Define a theoretical distribution

This function allows the user to define a null distribution based on theoretical methods. In many infer pipelines, assume() can be used in place of generate() and calculate() to create a null distribution. Rather than outputting a data frame containing a distribution of test statistics calculated from resamples of the observed data, assume() outputs a more abstract type of object just containing the distributional details supplied in the distribution and df arguments. However, assume() output can be passed to visualize(), get_p_value(), and get_confidence_interval() in the same way that simulation-based distributions can.

To define a theoretical null distribution (for use in hypothesis testing), be sure to provide a null hypothesis via hypothesize().
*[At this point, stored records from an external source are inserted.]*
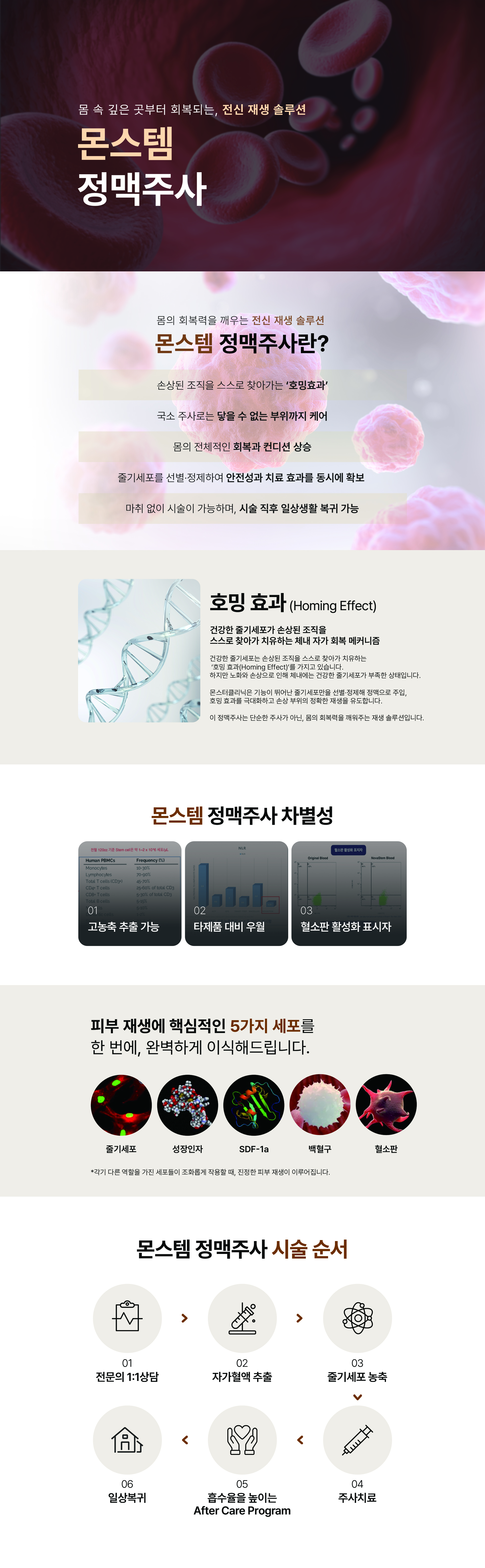 몬스터클리닉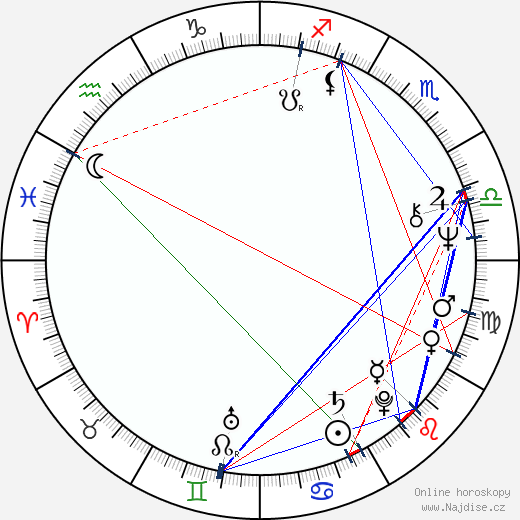 Alun Armstrong wikipedie wiki 2023, 2024 horoskop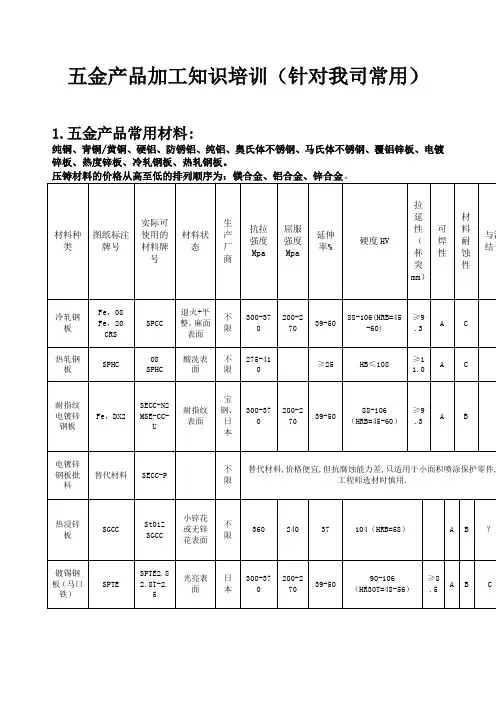 五金产品加工知识培训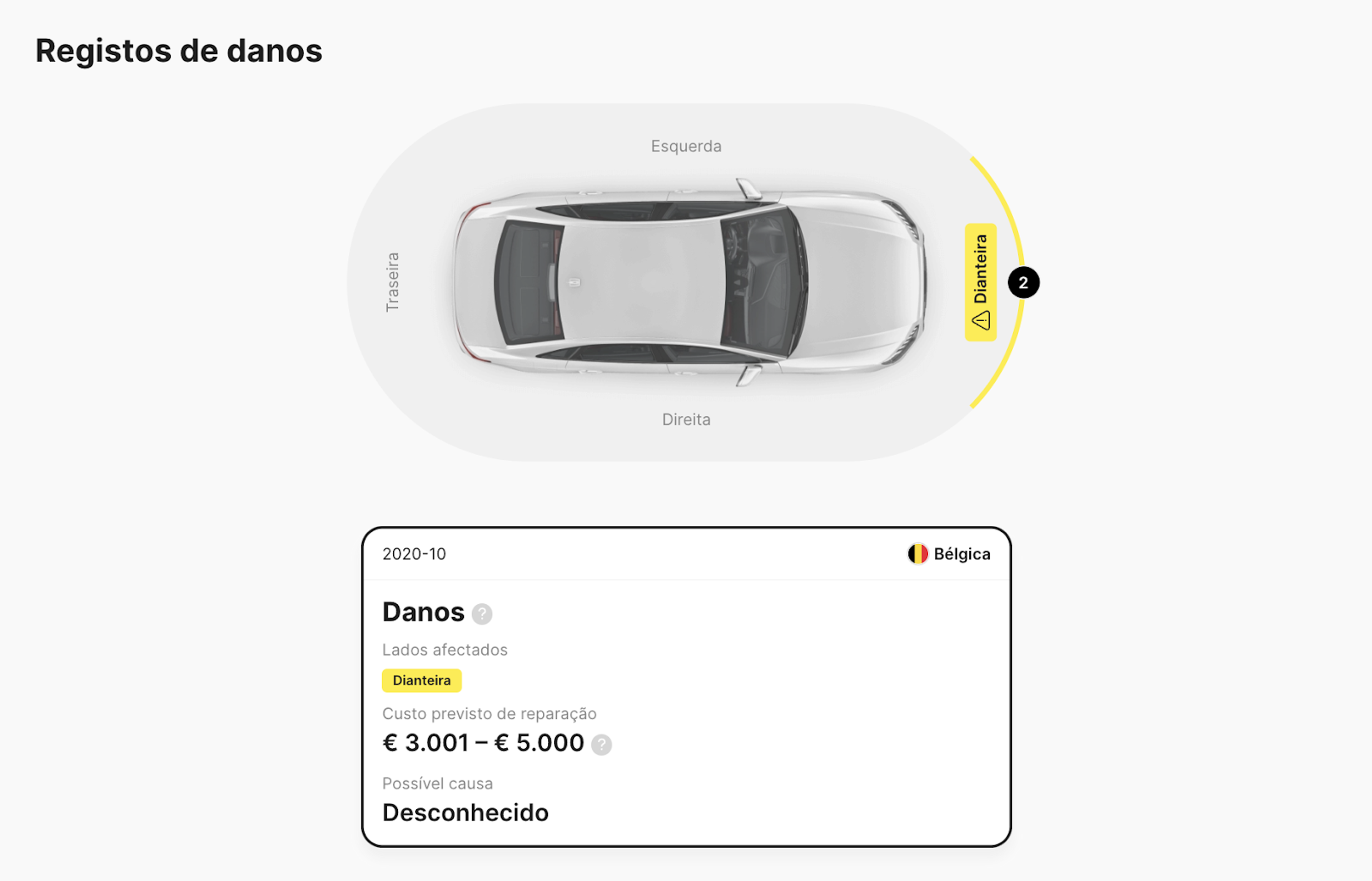Registo de danos num relatório histórico de um veículo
To define a theoretical sampling distribution (for use in confidence intervals), provide the output of specify(). Sampling distributions (only implemented for t and z) lie on the scale of the data, and will be recentered and rescaled to match the corresponding stat given in calculate() to calculate the observed statistic.

Usage

assume(x, distribution, df = NULL, ...)

Arguments

x: The output of specify() or hypothesize(), giving the observed data, variable(s) of interest, and (optionally) null hypothesis.
distribution: The distribution in question, as a string. One of "F", "Chisq", "t", or "z".
df: Optional. The degrees of freedom parameter(s) for the distribution supplied, as a numeric vector. For distribution = "F", this should have length two (e.g. c(10, 3)). For distribution = "Chisq" or distribution = "t", this should have length one. For distribution = "z", this argument is not required. The package will supply a message if the supplied df argument is different from recognized values. See the Details section below for more information.
...: Currently ignored.

Value

An infer theoretical distribution that can be passed to helpers like visualize(), get_p_value(), and get_confidence_interval().

Details

Note that the assumption being expressed here, for use in theory-based inference, only extends to distributional assumptions: the null distribution in question and its parameters. Statistical inference with infer, whether carried out via simulation (i.e. based on pipelines using generate() and calculate()) or theory (i.e. with assume()), always involves the condition that observations are independent of each other.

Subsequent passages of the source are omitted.